[Records from a dataset]
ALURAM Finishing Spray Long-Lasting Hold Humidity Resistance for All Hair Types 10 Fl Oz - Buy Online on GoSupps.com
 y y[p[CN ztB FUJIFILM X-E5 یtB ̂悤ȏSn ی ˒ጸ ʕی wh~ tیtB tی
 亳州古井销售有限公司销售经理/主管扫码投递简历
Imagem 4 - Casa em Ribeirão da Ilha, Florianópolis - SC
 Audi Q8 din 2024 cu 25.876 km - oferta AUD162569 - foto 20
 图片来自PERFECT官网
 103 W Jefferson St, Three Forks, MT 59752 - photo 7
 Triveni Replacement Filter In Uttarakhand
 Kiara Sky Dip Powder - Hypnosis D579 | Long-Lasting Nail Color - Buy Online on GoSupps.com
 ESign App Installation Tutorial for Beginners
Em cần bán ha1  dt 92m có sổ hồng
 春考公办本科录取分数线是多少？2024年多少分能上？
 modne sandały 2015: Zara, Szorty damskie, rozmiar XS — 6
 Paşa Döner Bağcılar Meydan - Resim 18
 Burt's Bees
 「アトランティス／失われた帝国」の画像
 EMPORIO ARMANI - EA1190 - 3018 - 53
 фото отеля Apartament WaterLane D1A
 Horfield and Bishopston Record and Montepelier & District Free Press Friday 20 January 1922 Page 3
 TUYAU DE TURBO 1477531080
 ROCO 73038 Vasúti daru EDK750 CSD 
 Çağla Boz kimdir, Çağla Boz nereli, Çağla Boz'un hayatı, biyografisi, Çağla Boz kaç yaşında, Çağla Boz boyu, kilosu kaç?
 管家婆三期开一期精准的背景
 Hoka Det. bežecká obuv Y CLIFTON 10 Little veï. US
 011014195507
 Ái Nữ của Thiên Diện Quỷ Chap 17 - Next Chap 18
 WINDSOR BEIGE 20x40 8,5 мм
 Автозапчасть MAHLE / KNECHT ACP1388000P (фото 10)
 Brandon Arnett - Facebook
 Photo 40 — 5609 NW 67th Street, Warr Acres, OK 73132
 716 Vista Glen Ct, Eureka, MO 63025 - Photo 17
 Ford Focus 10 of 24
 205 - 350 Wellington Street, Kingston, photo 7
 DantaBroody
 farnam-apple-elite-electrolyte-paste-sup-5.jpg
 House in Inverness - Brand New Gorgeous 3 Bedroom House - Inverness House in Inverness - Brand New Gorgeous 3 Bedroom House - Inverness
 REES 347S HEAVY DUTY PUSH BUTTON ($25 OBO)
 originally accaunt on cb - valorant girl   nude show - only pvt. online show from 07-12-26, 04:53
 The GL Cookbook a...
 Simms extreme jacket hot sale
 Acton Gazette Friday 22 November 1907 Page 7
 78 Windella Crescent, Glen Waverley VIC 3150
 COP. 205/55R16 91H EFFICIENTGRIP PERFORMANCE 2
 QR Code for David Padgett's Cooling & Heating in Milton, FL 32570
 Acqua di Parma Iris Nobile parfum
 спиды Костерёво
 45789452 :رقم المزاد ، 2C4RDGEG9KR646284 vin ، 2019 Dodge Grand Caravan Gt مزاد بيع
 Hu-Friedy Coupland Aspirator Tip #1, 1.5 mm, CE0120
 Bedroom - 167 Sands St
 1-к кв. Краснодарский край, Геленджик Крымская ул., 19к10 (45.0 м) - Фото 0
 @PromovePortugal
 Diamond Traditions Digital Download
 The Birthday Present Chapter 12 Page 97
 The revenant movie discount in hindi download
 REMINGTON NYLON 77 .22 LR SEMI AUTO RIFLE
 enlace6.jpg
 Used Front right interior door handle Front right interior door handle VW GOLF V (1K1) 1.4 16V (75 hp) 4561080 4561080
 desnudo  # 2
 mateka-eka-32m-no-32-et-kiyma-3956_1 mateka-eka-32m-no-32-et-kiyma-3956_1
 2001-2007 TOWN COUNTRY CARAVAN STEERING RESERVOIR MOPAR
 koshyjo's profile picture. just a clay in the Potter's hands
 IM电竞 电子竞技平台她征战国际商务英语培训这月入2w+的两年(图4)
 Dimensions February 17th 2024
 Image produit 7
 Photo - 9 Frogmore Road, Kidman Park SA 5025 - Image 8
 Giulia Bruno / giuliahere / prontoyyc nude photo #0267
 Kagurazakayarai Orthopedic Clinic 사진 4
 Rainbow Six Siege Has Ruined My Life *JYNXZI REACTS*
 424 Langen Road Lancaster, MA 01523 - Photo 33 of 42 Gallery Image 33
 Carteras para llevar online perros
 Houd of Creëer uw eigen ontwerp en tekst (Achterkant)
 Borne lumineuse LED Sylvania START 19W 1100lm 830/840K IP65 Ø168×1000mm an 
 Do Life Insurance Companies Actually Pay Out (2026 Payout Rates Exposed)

**Task to carry out:** With the entries above as the source, set down exactly the lines from the one holding "Giulia Bruno /" through the last line, both ends included.

**Solved exercise:**
 Giulia Bruno / giuliahere / prontoyyc nude photo #0267
 Kagurazakayarai Orthopedic Clinic 사진 4
 Rainbow Six Siege Has Ruined My Life *JYNXZI REACTS*
 424 Langen Road Lancaster, MA 01523 - Photo 33 of 42 Gallery Image 33
 Carteras para llevar online perros
 Houd of Creëer uw eigen ontwerp en tekst (Achterkant)
 Borne lumineuse LED Sylvania START 19W 1100lm 830/840K IP65 Ø168×1000mm an 
 Do Life Insurance Companies Actually Pay Out (2026 Payout Rates Exposed)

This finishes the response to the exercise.